Your task:
Some of the lines below need repeating. Reproduce exactly those between the lines holding "Screenshot 2025 12" and "CTT-PR0212_Alco-switcher", inclusive.

Source material:

++++++++++++++++++++

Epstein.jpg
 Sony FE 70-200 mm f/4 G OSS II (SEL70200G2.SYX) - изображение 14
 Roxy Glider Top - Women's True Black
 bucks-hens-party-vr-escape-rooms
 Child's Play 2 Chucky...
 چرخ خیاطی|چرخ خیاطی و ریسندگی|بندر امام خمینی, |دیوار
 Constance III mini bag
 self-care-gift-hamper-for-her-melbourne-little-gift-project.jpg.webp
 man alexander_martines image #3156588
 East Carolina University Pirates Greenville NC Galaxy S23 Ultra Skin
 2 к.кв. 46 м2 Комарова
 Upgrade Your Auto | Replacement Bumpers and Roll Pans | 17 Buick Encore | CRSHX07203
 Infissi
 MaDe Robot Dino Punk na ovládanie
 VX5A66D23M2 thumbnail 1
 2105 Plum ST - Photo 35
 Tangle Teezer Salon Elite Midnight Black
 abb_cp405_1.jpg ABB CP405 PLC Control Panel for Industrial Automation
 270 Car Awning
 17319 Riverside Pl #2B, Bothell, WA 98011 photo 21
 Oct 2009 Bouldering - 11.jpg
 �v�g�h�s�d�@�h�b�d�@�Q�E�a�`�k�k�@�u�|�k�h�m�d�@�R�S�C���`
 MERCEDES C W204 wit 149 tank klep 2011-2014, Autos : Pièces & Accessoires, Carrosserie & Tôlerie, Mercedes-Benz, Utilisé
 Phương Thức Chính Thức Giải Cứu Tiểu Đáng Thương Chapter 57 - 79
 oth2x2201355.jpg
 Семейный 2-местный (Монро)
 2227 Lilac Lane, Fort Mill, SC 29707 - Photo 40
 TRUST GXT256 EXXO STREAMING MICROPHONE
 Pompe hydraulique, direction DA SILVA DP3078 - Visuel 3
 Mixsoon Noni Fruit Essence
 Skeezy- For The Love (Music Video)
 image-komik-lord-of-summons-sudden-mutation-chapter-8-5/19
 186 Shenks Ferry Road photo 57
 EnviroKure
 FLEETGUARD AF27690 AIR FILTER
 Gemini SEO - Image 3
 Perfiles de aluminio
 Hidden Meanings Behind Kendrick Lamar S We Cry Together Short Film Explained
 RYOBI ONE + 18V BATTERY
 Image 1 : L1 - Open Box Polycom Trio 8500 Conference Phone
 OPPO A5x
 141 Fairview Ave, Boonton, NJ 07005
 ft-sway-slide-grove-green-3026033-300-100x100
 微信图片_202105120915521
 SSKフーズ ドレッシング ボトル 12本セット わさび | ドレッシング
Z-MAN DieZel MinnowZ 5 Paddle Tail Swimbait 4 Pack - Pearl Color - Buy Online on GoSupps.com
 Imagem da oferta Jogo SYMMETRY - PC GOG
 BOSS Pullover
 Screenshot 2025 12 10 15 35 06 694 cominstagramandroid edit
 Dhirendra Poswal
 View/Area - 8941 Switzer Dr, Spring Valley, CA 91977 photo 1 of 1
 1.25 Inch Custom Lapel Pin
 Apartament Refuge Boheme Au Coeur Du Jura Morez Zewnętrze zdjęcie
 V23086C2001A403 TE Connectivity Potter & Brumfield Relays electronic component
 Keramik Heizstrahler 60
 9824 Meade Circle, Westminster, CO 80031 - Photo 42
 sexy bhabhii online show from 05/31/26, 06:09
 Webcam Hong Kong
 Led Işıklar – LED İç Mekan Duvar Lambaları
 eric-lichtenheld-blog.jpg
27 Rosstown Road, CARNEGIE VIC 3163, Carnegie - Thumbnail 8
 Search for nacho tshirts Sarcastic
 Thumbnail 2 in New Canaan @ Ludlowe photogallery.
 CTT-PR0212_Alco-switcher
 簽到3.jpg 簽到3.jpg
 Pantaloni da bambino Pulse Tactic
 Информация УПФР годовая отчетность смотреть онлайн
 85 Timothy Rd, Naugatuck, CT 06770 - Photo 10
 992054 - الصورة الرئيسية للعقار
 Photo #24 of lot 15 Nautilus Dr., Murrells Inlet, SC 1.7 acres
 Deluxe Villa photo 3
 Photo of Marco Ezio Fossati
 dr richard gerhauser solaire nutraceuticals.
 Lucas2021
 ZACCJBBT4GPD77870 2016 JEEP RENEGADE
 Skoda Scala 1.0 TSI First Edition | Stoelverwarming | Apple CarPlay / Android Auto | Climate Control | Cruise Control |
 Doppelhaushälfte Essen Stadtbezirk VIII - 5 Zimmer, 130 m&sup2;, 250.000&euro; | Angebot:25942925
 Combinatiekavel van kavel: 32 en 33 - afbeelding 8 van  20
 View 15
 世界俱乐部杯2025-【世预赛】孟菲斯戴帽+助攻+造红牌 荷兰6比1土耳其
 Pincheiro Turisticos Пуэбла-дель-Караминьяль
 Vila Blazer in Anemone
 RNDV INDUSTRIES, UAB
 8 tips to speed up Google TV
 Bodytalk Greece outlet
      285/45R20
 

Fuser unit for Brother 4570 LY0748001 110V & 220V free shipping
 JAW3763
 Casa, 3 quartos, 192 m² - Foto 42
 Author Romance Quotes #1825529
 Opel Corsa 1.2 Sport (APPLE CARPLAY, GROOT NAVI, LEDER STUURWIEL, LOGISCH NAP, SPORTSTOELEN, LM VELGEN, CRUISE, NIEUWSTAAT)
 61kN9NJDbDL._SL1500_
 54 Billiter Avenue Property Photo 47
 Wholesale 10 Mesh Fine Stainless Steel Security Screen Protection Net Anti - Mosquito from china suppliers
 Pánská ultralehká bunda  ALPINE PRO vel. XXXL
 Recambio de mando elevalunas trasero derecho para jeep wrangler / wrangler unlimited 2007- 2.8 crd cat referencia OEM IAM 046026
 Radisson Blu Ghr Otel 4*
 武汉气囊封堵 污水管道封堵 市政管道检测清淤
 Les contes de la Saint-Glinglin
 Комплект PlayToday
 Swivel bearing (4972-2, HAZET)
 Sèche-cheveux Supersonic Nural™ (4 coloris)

++++++++++++++++++++

Result:
 Screenshot 2025 12 10 15 35 06 694 cominstagramandroid edit
 Dhirendra Poswal
 View/Area - 8941 Switzer Dr, Spring Valley, CA 91977 photo 1 of 1
 1.25 Inch Custom Lapel Pin
 Apartament Refuge Boheme Au Coeur Du Jura Morez Zewnętrze zdjęcie
 V23086C2001A403 TE Connectivity Potter & Brumfield Relays electronic component
 Keramik Heizstrahler 60
 9824 Meade Circle, Westminster, CO 80031 - Photo 42
 sexy bhabhii online show from 05/31/26, 06:09
 Webcam Hong Kong
 Led Işıklar – LED İç Mekan Duvar Lambaları
 eric-lichtenheld-blog.jpg
27 Rosstown Road, CARNEGIE VIC 3163, Carnegie - Thumbnail 8
 Search for nacho tshirts Sarcastic
 Thumbnail 2 in New Canaan @ Ludlowe photogallery.
 CTT-PR0212_Alco-switcher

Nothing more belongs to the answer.